Augustine famously defends the justice of killing in certain public contexts such as just wars. He also claims that private citizens who intentionally kill are guilty of murder, regardless of their reasons. Just as famously, Augustine seems to prohibit lying categorically. Analyzing these features of his thought and their connections, I argue that Augustine is best understood as endorsing the justice of lying in certain public contexts, even though he does not explicitly do so. Specifically, I show that parallels between his treatments of killing and lying along with his “agent (auctor) – instrument (minister)” distinction, in which God is the true agent or “author” of certain acts and humans are merely God’s instruments, together imply that he would regard certain instances of public lying as permissible and even obligatory. I buttress my argument by examining several key but neglected passages and responding to various objections and rival interpretations. Throughout, I challenge standard interpretations of Augustine’s ethics of killing and lying and seek to deepen our overall understanding of these dimensions of his thought. In so doing, I contribute to ongoing discussions of public and private lying and to the task of relating Augustine’s thought to contemporary debate and deliberation on war, killing and lying.

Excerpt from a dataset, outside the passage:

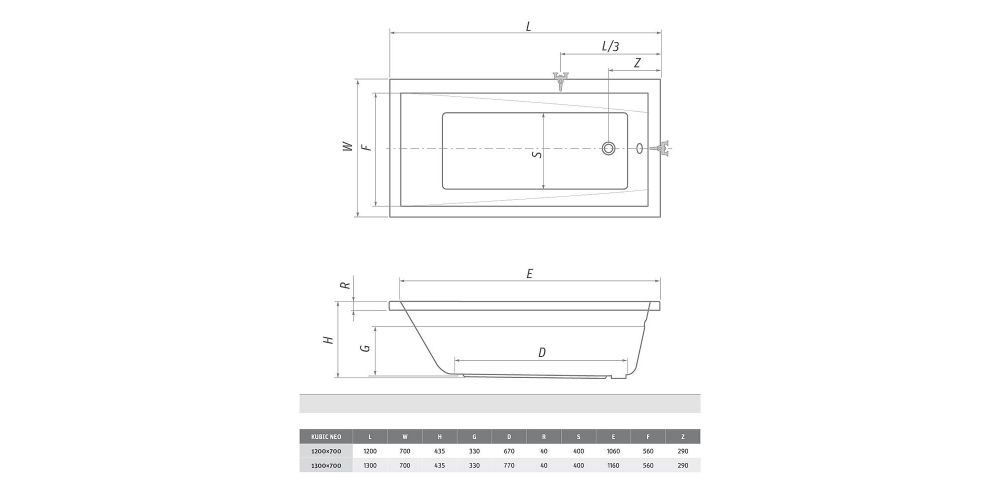 Akrilinė vonia Roth Kubic Neo 130x70 cm Akrilinė vonia Roth Kubic Neo 130x70 cm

COMPARISON AND THE UBIQUITY OF RESEMBLANCE

Journal of the American Academy of Religion, 78.1 (March 2010), 226-258

Since at least the nineteenth century and arguably centuries earlier, comparison has figured prominently in the study of religion. It continues to do so today, especially in the subfield of comparative religious ethics (“CRE”). This article considers the implications for comparative work more broadly and CRE in particular if we take seriously Nelson Goodman’s insight that “similarity is relative, variable and context- dependent...[and that] every two things have some property in common.” Specifically, the article first contends that embracing Goodman’s insight helps identify a variety of problems that are rela- tively common in comparative work and are rooted in the challenges posed by the ubiquity and relativity of resemblance. Secondly, the article shows how Goodman can help make our work better by under- lining the necessity of a clear purpose for our comparisons, and it illus- trates the point by considering an exemplary recent work of CRE. Thirdly, it shows that Goodman’s point demands that we welcome a wide diversity of approaches and goals in comparative work. The article concludes with a suggestion about what might hold the subfield of CRE together.